Your goal: Produce a word-for-word copy of the data that follows, excluding images.
(Supplied material begins)
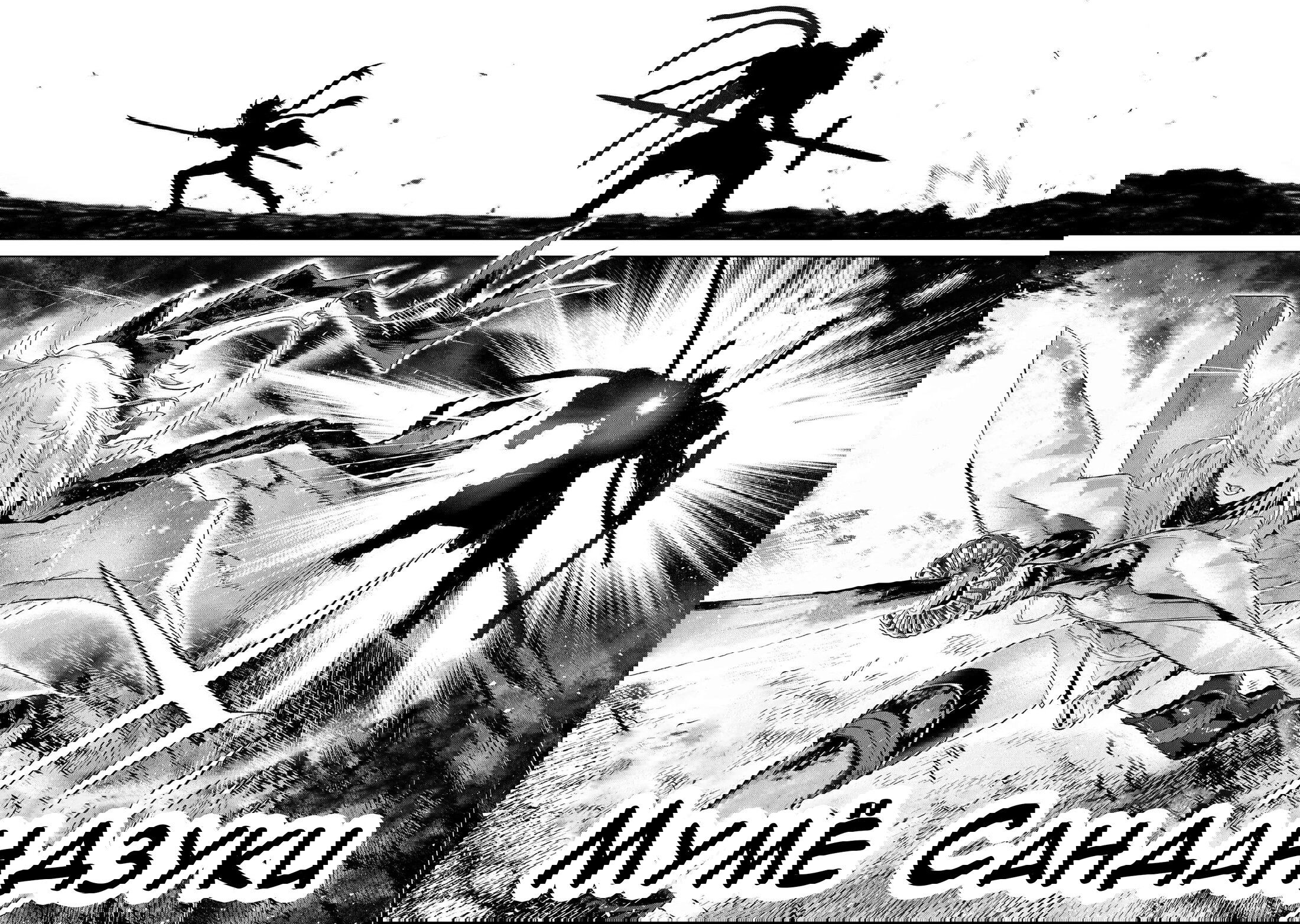 Манга Fate/type Redline: Предание о Граале в имперской столице - Глава 23.2 Страница 9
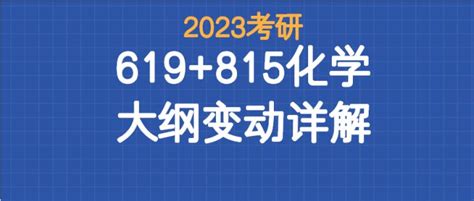 考情分析中国海洋大学23考研 619815化学 招生变动详解 知乎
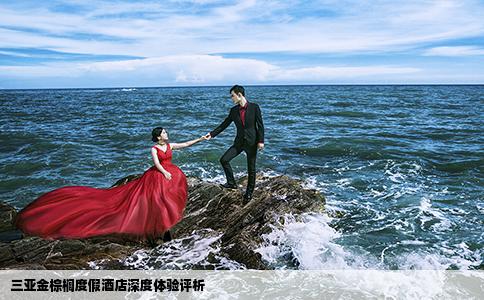 三亚金棕榈度假酒店深度体验评析
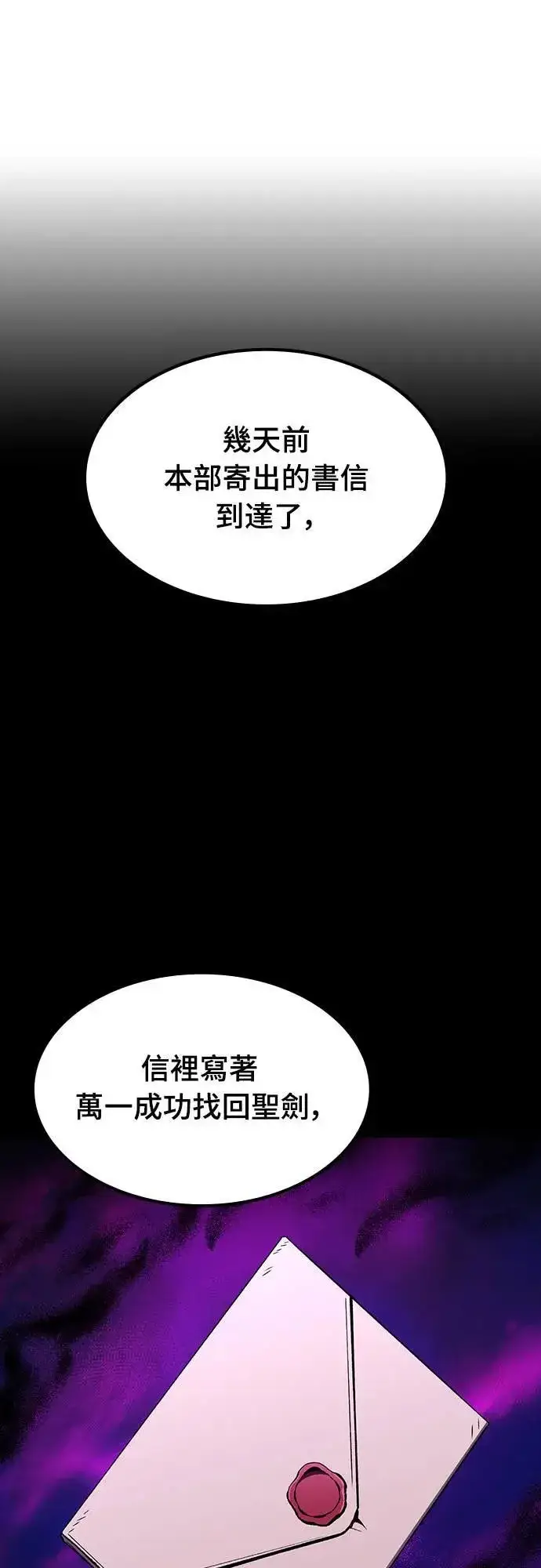 漫画《捡尸体的天才战士》第29话 精算第28张图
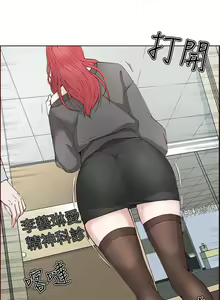 Page 9 of 私生:愛到痴狂 1-25 - preview thumbnail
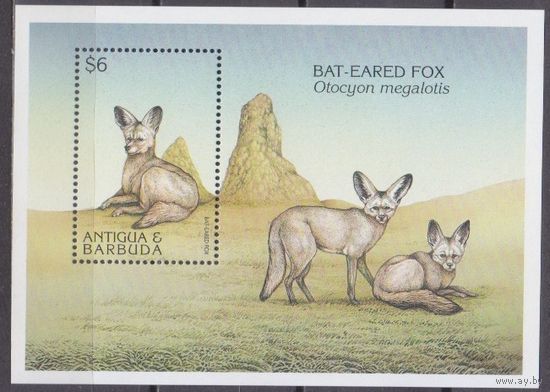 1997 Антигуа и Барбуда 2531/B367 Фауна 6,00 евро
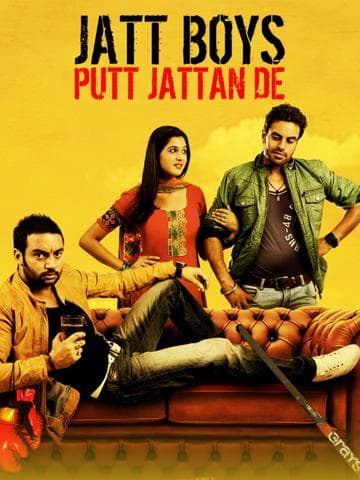 Jatt Boys Putt Jattan De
(Supplied material ends)
Output:
 Манга Fate/type Redline: Предание о Граале в имперской столице - Глава 23.2 Страница 9
 考情分析中国海洋大学23考研 619815化学 招生变动详解 知乎
 三亚金棕榈度假酒店深度体验评析
 漫画《捡尸体的天才战士》第29话 精算第28张图
 Page 9 of 私生:愛到痴狂 1-25 - preview thumbnail
 1997 Антигуа и Барбуда 2531/B367 Фауна 6,00 евро
 Jatt Boys Putt Jattan De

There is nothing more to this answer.